Scientists say they can explain dark matter by positing a particle that links to a fifth dimension.
While the "warped extra dimension" (WED) is a trademark of a popular physics model first introduced in 1999, this research, published in The European Physical Journal C, is the first to cohesively use the theory to explain the long-lasting dark matter problem within particle physics.
Our knowledge of the physical universe relies on the idea of dark matter, which takes up the vast majority of matter in the universe. Dark matter is a kind of pinch hitter that helps scientists explain how gravity works, because a lot of features would dissolve or fall apart without an "x factor" of dark matter. Even so, dark matter doesn't disrupt the particles we do see and "feel," meaning it must have other special properties as well.
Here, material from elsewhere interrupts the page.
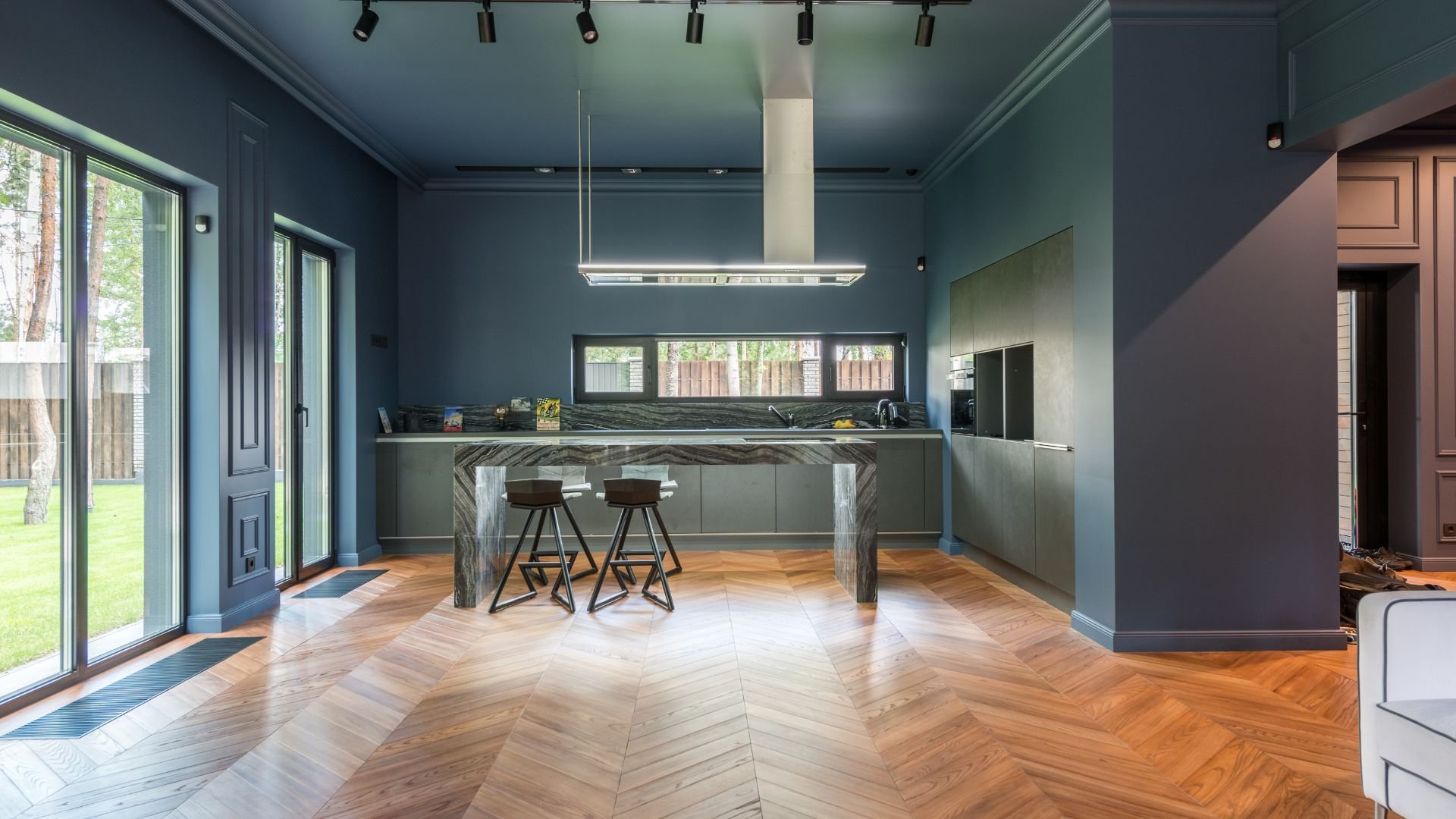 Modern blue kitchen with herringbone wood floor and large windows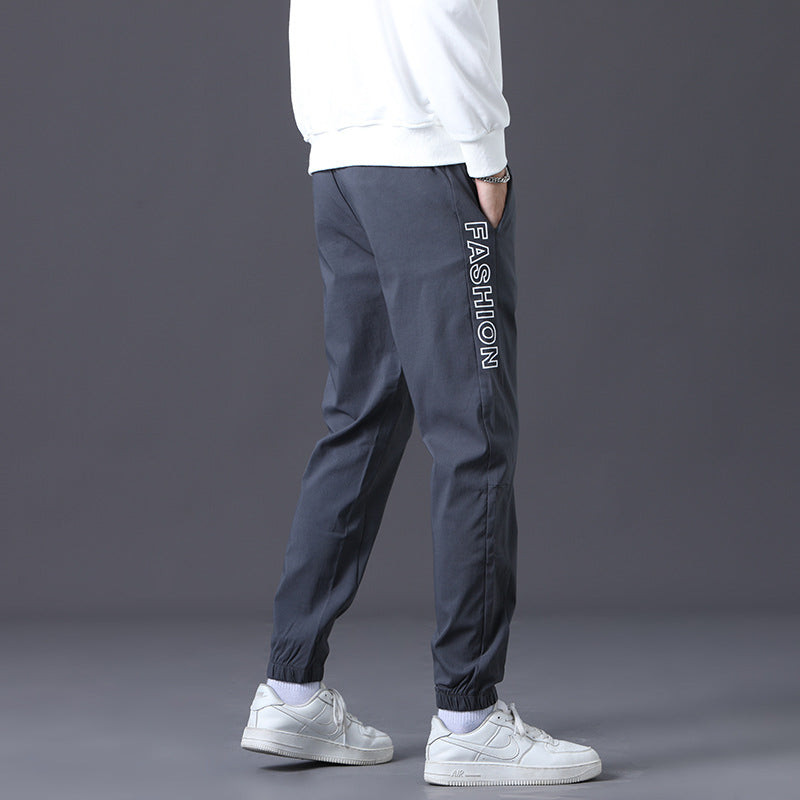 Herren modische Jogginghose mit elastischem Bund und seitlichen Taschen Echoarchiv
"[T]here are still some questions which do not have an answer within the [standard model of physics]," the scientists, from Spain and Germany, explain in their study:
"One of the most significant examples is the so-called hierarchy problem, the question why the Higgs boson is much lighter than the characteristic scale of gravity. [The standard model of physics] cannot accommodate some other observed phenomena. One of the most striking examples is the existence of dark matter."
The study seeks to explain the presence of dark matter using a WED model. The scientists studied fermion masses, which they believe could be communicated into the fifth dimension through portals, creating dark matter relics and "fermionic dark matter" within the fifth dimension.
Could dimension-traveling fermions explain at least some of the dark matter scientists have so far not been able to observe? "We know that there is no viable [dark matter] candidate in the [standard model of physics]," the scientists say, "so already this fact asks for the presence of new physics."
Basically, a key piece of mathematics creates bulk masses of fermions that are manifested in the so-called fifth dimensional warped space. This pocket "dark sector" is one possible way to explain the huge amount of dark matter that, so far, has eluded detection using any traditional measurements designed for the standard model of physics. Fermions jammed through a portal to a warped fifth dimension could be "acting as" dark matter.
How would we observe this kind of dark matter in order to verify it? To date, this is the holdup on many different theories of dark matter. But all it would take to identify fermionic dark matter in a warped fifth dimension would be the right kind of gravitational wave detector, something growing in prevalence around the world.
Indeed, the answer to the dark matter conundrum could be lurking around the corner.